The Fourth World is Right Here: Surviving the Nation Called Canada

Mission Statement

A traveler to Canada will often remark immediately that this country is such a wonderful place. Even if they are able to get into something resembling the backwoods-- that is, away from the concrete world they are shown in cities to the overly contrived parks such as Banff, Whistler, Mont Tremblant or even Kluane in the Yukon-- they still see little of what this country wants to keep hidden. Canada is a free market country, and as such has massive poverty, homelessness, unemployment, illiteracy and more social ills that fall under a system that prioritizes capital above all else. Also, this state has massive racism, violence against women and children, drug and alcohol abuse and other social pathologies. These pathologies are enough on their own, but their greatest expression is in Indian Country, that dirty secret that Canada has turned from an embarrassment into a way to sell their tourists trinkets.

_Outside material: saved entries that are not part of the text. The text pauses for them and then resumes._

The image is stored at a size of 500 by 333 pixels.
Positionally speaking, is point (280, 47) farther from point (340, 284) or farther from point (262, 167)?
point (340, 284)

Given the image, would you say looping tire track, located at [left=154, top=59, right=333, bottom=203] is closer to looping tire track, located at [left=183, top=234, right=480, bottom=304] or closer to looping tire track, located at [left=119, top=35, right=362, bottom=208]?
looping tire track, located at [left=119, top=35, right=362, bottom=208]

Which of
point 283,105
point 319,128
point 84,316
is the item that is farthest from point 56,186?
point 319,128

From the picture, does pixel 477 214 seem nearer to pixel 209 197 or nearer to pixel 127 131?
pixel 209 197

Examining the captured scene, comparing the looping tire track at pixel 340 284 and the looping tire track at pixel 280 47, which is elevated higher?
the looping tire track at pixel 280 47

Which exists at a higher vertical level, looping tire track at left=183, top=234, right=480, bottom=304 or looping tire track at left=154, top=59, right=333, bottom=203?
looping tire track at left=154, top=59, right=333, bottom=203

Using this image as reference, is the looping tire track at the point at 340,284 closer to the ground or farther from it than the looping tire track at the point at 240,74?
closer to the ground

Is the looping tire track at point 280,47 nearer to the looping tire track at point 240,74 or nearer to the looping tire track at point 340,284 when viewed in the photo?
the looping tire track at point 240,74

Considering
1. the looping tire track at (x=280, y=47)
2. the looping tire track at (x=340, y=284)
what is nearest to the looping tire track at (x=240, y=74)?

In almost any tourist shop across Canada, the plundered symbols of what is left of the Indian and Inuit nations still being systematically displaced by the government and big business are on sale: you can buy a Haida mask, Blackfoot sweetgrass, various Inuit stone carvings & the dream catchers of many nations. When government functionaries hold a major event, there is usually a smattering of token Indian drummers, greeting the guests with a traditional song, playing it beneath the Canadian maple leaf. Perhaps one of the greater perversions yet is the trendy Mukluks on the feet of people who would never so much as say hello to an Inuk. These "Mukluks"-- made in the south-- have Playboy Bunnies and Nike Swooshes on them. It is so common that most do not even see it for what it is. However, there is another Canada-- the real "Canada"-- that people are yet to learn about. I intend to do my part to teach about that Canada, from my perspective as a white Canadian.

While Canada has an average quality of life that places it at the very top of the world, Indians and Inuit continue to live at beneath third world levels in many cases. Inuit and Innu of the north-- from the Western Arctic all the way across to the coast of Labrador-- have among the world's highest rates of alcoholism and suicide. The incarceration rate among Indians and Inuit averages 6 times that of non-indigenous; crime rates average 4.5 times the non indigenous average in urban centres, going all the way up to 12 times in Saskatchewan (with the highest provincial per capita population of Indians). All of these statistics are gleaned from the Canadian government--the same government that that works overtime to portray the issue as "tragedy" not crime, and part of the past being overcome, not part of the present being maintained.

The reservation system in Canada was the model for the Bantustan homelands of the South African apartheid regime and was praised by none other than Adolf Hitler as a useful blueprint for setting up the Jewish ghettoes across the brief Nazi Empire of Europe. In each and every reservation, the land is either nearly useless or is still being threatened. Though the Canadian government likes to posit that the devolution agreements cede some form of sovereignty, in reality they are more like slightly more empowered municipalities. The majority of indigenous populations in Canada still live beneath the poverty line. In cities, this number is four times the non-indigenous average.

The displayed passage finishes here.